My question is, why?
We don’t call the books men read and write "men’s fiction." When men write about spies, war, and history in a fictional context, their stories are filed under the appropriate genre, not sorted by gender. When men decide to write about the hot-button topic of the moment, it’s literary fiction. When men spend an entire book writing about the woman who done me wrong, it’s a classic — see “The Great Gatsby” and “Lolita” for examples. When women do any of the above, it’s women’s fiction, a label that seems to imply trivialness and frivolity.
In order for women’s writing to shed the label of women’s fiction, female writers can’t write simply for themselves, write only to tell the stories they want to tell. They have to write with an eye toward what male readers want.

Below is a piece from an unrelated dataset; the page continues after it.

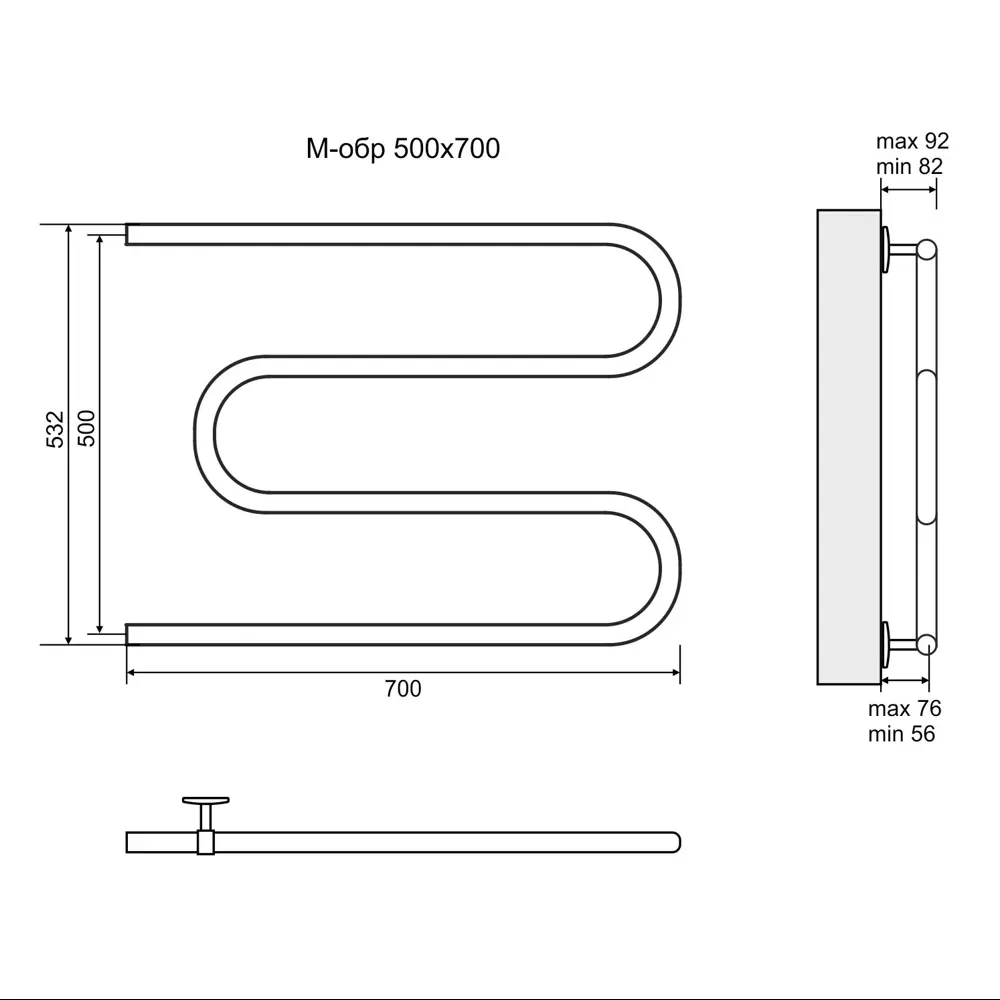 Водяной полотенцесушитель EQUATION M-образный для ванной комнаты 16966230 STLM-0007306 - Вид №3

Take “Gone Girl” as an example. Blood, sex, murder, infidelity — all things that fill the pages of action, spy, and thriller genres — and the majority of the book is written from a distinctly male perspective. The book is a hit and critically acclaimed, precisely because the writer doesn’t care all that much about the female experience. Amy is a cipher, an empty space for every male reader to fill in the woman who done me wrong or for female readers to fill in the woman who done took my man. Amy is there for the reader to hate, which is why “Gone Girl” succeeds where other female-written novels fail.
There’s no room in acclaimed literature for the real female experience, the one that isn’t eroticized, mythologized, or built up simply for male and female readers alike to hate. That’s why the label of women’s fiction exists – to take all those books about the real, messy, uncomfortable female experience and shove them off to the side. Because let’s be honest, as much as we love John Grisham and Robert Ludlum, they aren’t what we’d call character writers, and their plots are often formulaic.
On the other hand, character writers like Jodi Picoult who consistently take on hot-button issues and spend a lot of time exploring the various sides are shunted into women’s fiction simply because of their gender. Forcing female writers into the women’s fiction category limits sales, limits readership, limits the awards and accolades that many of these writers deserve to be able to compete for. It’s a racket, and it needs to stop.
I’m not asking everybody who reads this article to call their local bookstore or library and demand that they sort the offerings of female writers by the appropriate genre, not by gender (although hey, if you feel like it, go for it). I’m just asking that the next time you pick up a book that’s labeled as women’s fiction, ask yourself why it’s labeled that way. Ask yourself what that label does to your perception of the story, of the author. And then take a gander at the latest John Grisham bestseller and wonder why there’s no label for men’s fiction.